EXTRACTED ENTRIES.
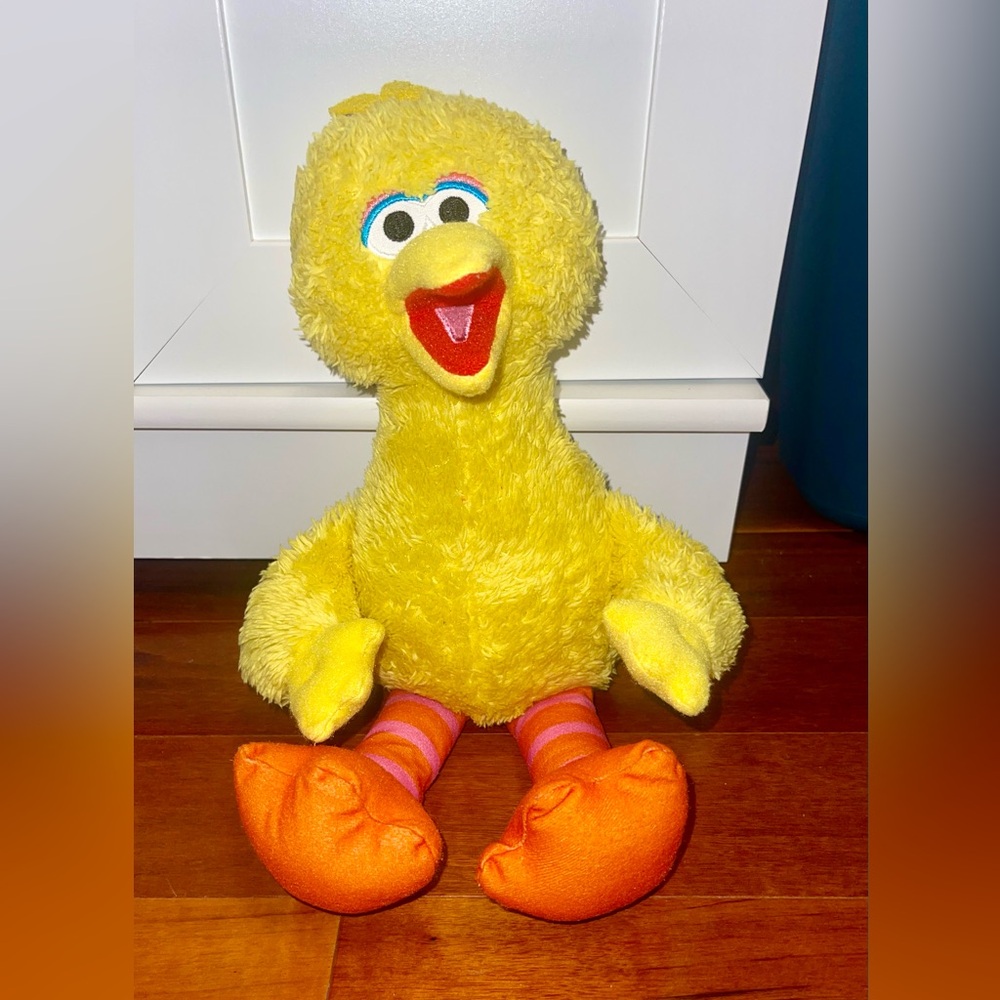 Big Bird from Kohl’s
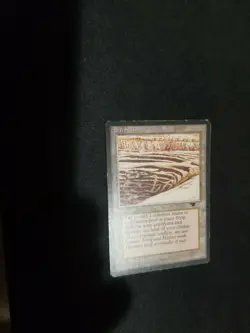 Strip Mine MP Antiquities (No Horizon) Magic Gathering MTG Moderately Played - Image 3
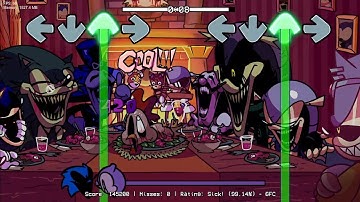 god feast new animations mods folder port D-Sides V2.7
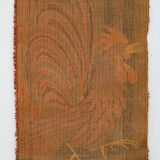 1970s Small Danish Wool Rug or Tapestry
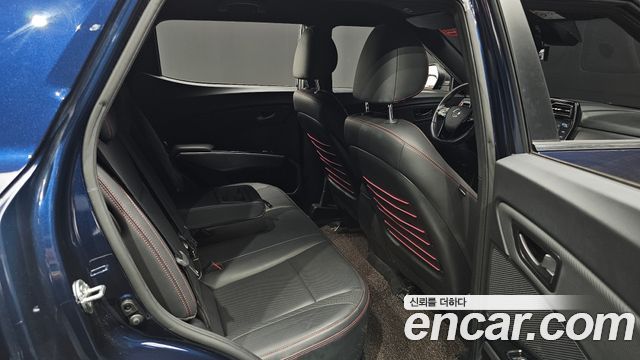 KG Mobility TIBOLI 2021 — photo 16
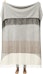 Form&Refine - Aymara Decke - gemustert Grau - 130 x 190 cm  - 1 - Vorschau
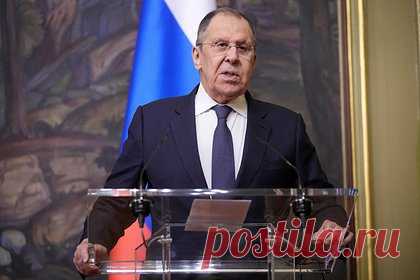 Лавров встретился с главой МИД Сирии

GOAL OF THE EXERCISE.
In your copy, every entry above must match word for word, and no picture may appear.

TASK RESPONSE.
 Big Bird from Kohl’s
 Strip Mine MP Antiquities (No Horizon) Magic Gathering MTG Moderately Played - Image 3
 god feast new animations mods folder port D-Sides V2.7
 1970s Small Danish Wool Rug or Tapestry
 KG Mobility TIBOLI 2021 — photo 16
 Form&Refine - Aymara Decke - gemustert Grau - 130 x 190 cm  - 1 - Vorschau
 Лавров встретился с главой МИД Сирии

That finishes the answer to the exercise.